Well, I've never had Northwoods so I can't say anything about that one.

As for Penzance, the Frog and Nightcap I find them all to be quite different from one another. For me the Frog is all about Latakia with a bit of sweetness and spice. A solid performer that is always enjoyable and easy to smoke. Penzance...how to put this without upsetting its devotees...let's just say I'm not as big a fan of Penzance as I once was. When I first smoked it I enjoyed it, but in recent months it has faded from my list of favorites. It's a good smoke, but there is nothing about it that knocks my socks off. I do like it's presentation though...all crumbly flaky goodness. There are just so many other English/Balkans/Orientals I prefer that I just wasn't getting around to smoking it so it seemed a waste to keep it in the cellar when so many really desire it. I actually traded away my last two tins to a lover of this blend. As for Nightcap, well I've never had anything quite like it. A flawless English blend in my book.

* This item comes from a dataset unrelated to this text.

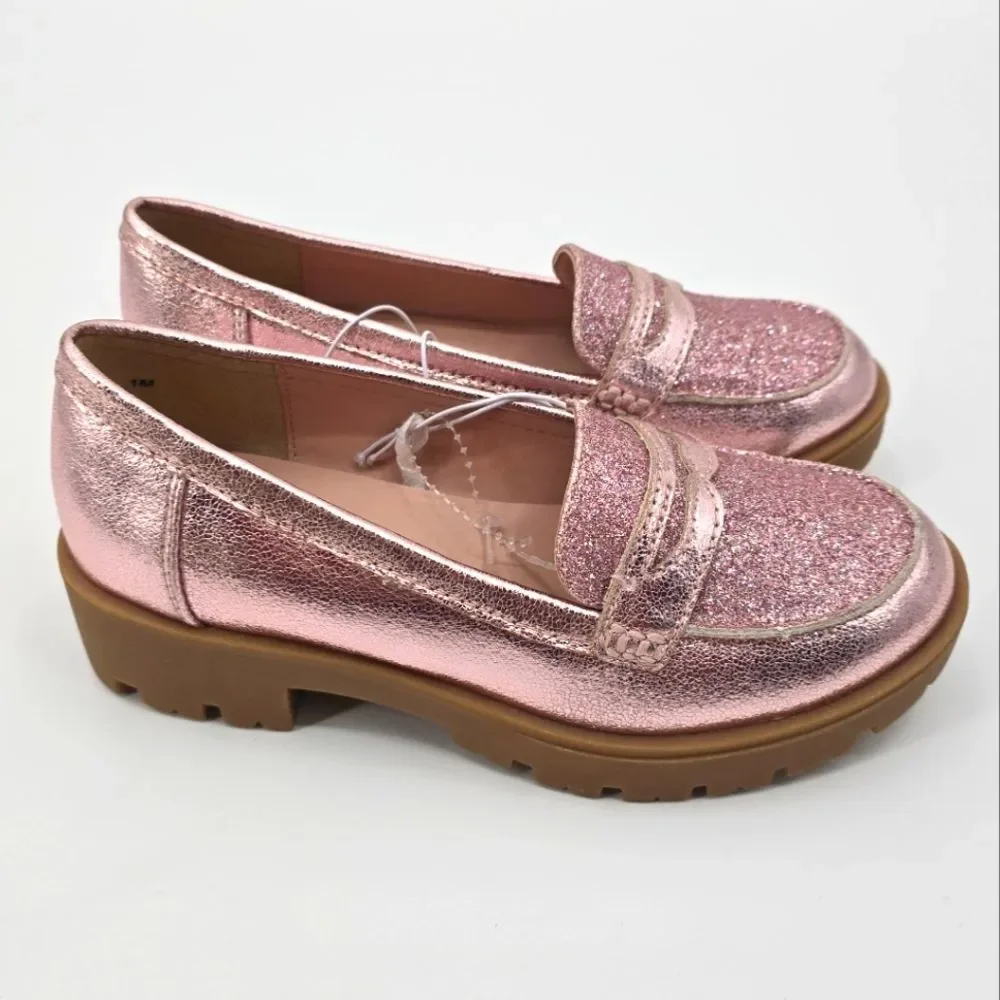 Jellypop Girl Pink Metallic Giltter Moccasins Size 1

Now on to Squadron Leader. What I like about Squadron Leader is that I find it to have a very nice balance between Latakia and the Turkish/Oriental leaf that results in a nice smoky, slightly sour, slightly spicy experience that I really enjoy and don't get in exactly the same way in any other blend I've tried. I have other favorite blends where the Latakia dominates and other favorites where the Orientals take center stage, but I find SL strikes the perfect balance between the two.


----------



## Sarge (Nov 21, 2010)

why is that every time stock comes in on something I'm always @ work and miss it. Stupid 5-7pm till late night shifts. Needless to say, just like how I missed Stonehaven and Penzance, Squadron Leader is now SOLD OUT.


----------



## jay29 (Jan 10, 2009)

I just scored 250 grams (1/2 pound) of St. James Flake to sit on for about 5 years.


----------



## shannensmall (Jun 30, 2010)

Eh, yet another brand of baccy I'll probably never get to buy. Getting paid once a month, the chances of this coming into stock for the 1-2 hours it's available, when I have money, are slim to none.


----------



## User Name (Feb 11, 2011)

shannensmall said:


> Eh, yet another brand of baccy I'll probably never get to buy. Getting paid once a month, the chances of this coming into stock for the 1-2 hours it's available, when I have money, are slim to none.


pm sent


----------



## Xodar (Mar 4, 2011)

I was just browsing through some of the cellar photos, periodically wiping the drool off my chin, when I thought about this thread and the two sizes of SG order, 50 vs. 250. I didn't see any giant SG tins in anyone's cellar, is the 250 gram order really 5 each 50g tins? That would make it more attractive to me, being able to age it and open it 50g at a time.


----------



## indigosmoke (Sep 1, 2009)

Xodar said:


> I was just browsing through some of the cellar photos, periodically wiping the drool off my chin, when I thought about this thread and the two sizes of SG order, 50 vs. 250. I didn't see any giant SG tins in anyone's cellar, is the 250 gram order really 5 each 50g tins? That would make it more attractive to me, being able to age it and open it 50g at a time.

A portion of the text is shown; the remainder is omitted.